■ TASK DESCRIPTION: Make an exact copy of the records, with the images left out.

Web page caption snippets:
* * * * * * * * *
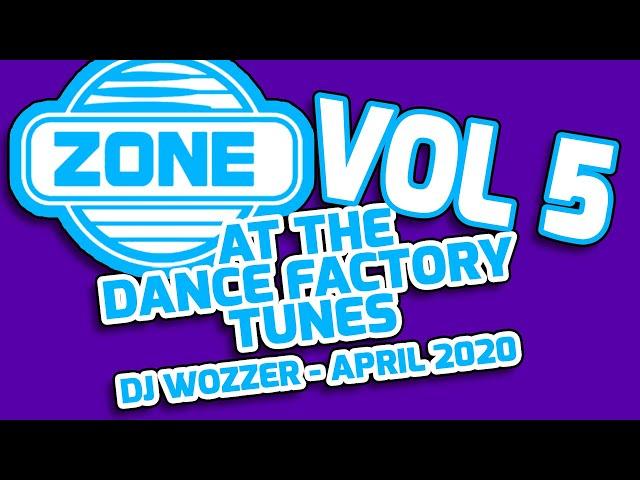 Zone Tunes :: from The Dance Factory (Mill) Preston Vol 5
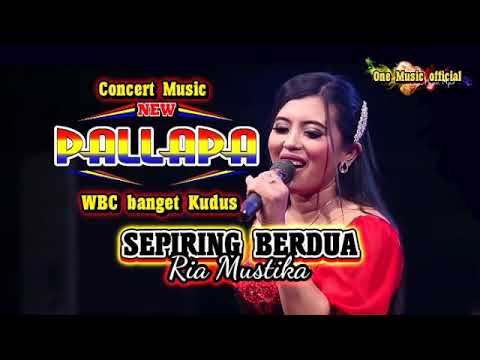 SEPIRING BERDUA Ria Mustika NEW PALLAPA KUdus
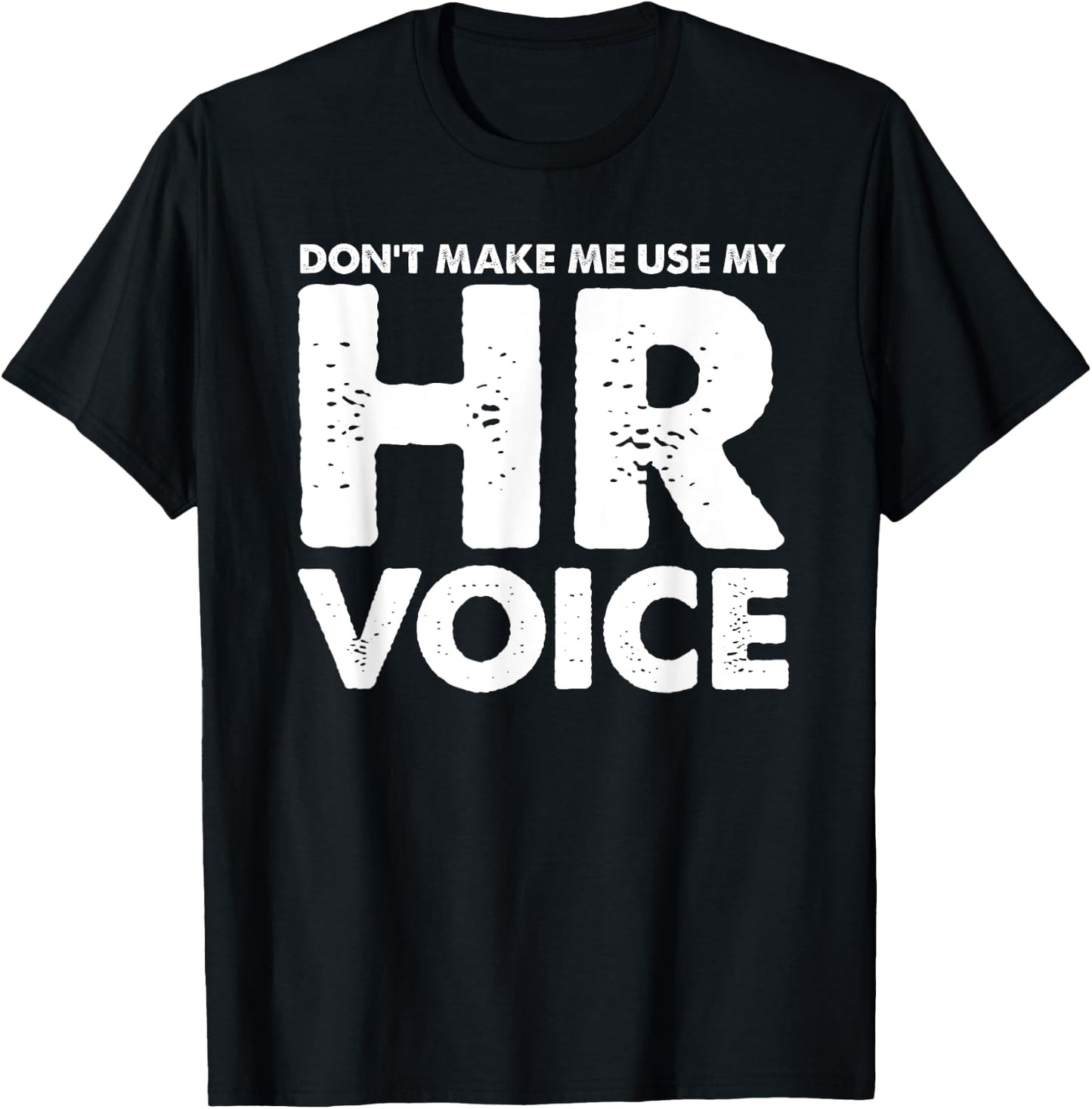 Dont Make Me Use My HR Voice, Funny Human Resources Shirt T-Shirt - T-Shirt | Black
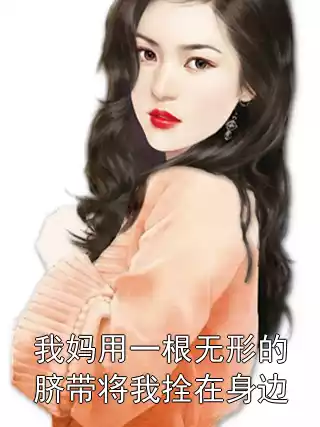 我妈用一根无形的脐带将我拴在身边小说
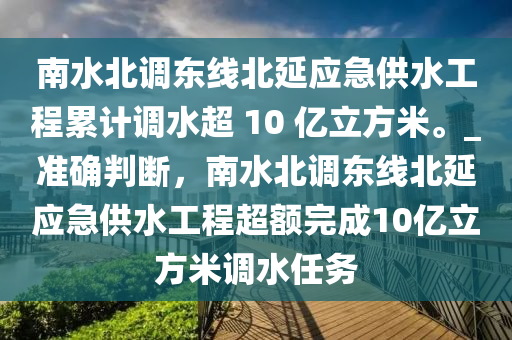 南水北調(diào)東線北延應(yīng)急供水工程累計(jì)調(diào)水超 10 億立方米。_準(zhǔn)確判斷，南水北調(diào)東線北延應(yīng)急供水工程超額完成10億立方米調(diào)水任務(wù)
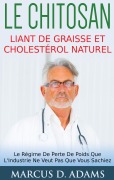 Cover-Bild zum Titel 'Le Chitosan - Liant de Graisse et Cholestérol Naturel' von 'Marcus D. Adams'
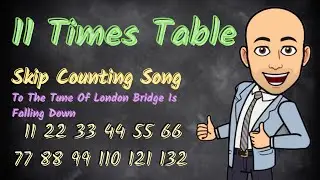 11 Times Table Song - Skip Counting By 11 - 11x Table Trick Hint for School Children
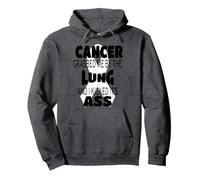 Cancer Grabbed Me by The Lung and I Kicked Its As! Sweat à Capuche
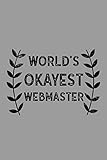 World's Okayest Webmaster: Notebook, Journal or Planner | Size 6 x 9 | 110 Lined Pages | Office Equipment |&hellip;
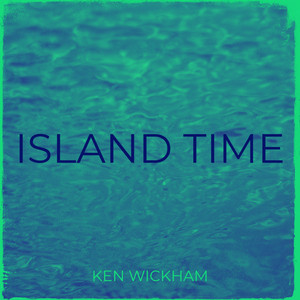 Island Time by Ken Wickham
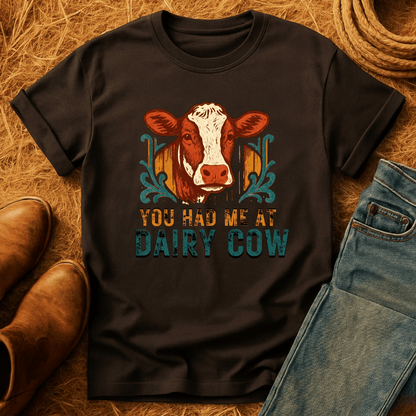 Had Me At Cow T-Shirt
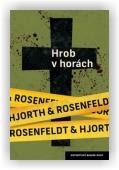 Hjorth Michael, Rosenfeldt Hans: Hrob v horách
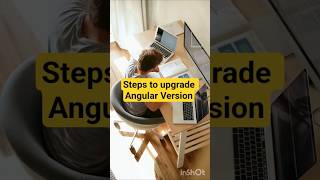 Steps to upgrade Angular Version 🚀✨ #Angular #Upgrade #Version #Development #Programming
* * * * * * * * *
■ SOLVED EXERCISE:
 Zone Tunes :: from The Dance Factory (Mill) Preston Vol 5
 SEPIRING BERDUA Ria Mustika NEW PALLAPA KUdus
 Dont Make Me Use My HR Voice, Funny Human Resources Shirt T-Shirt - T-Shirt | Black
 我妈用一根无形的脐带将我拴在身边小说
 南水北調(diào)東線北延應(yīng)急供水工程累計(jì)調(diào)水超 10 億立方米。_準(zhǔn)確判斷，南水北調(diào)東線北延應(yīng)急供水工程超額完成10億立方米調(diào)水任務(wù)
 Cover-Bild zum Titel 'Le Chitosan - Liant de Graisse et Cholestérol Naturel' von 'Marcus D. Adams'
 11 Times Table Song - Skip Counting By 11 - 11x Table Trick Hint for School Children
 Cancer Grabbed Me by The Lung and I Kicked Its As! Sweat à Capuche
 World's Okayest Webmaster: Notebook, Journal or Planner | Size 6 x 9 | 110 Lined Pages | Office Equipment |&hellip;
 Island Time by Ken Wickham
 Had Me At Cow T-Shirt
 Hjorth Michael, Rosenfeldt Hans: Hrob v horách
 Steps to upgrade Angular Version 🚀✨ #Angular #Upgrade #Version #Development #Programming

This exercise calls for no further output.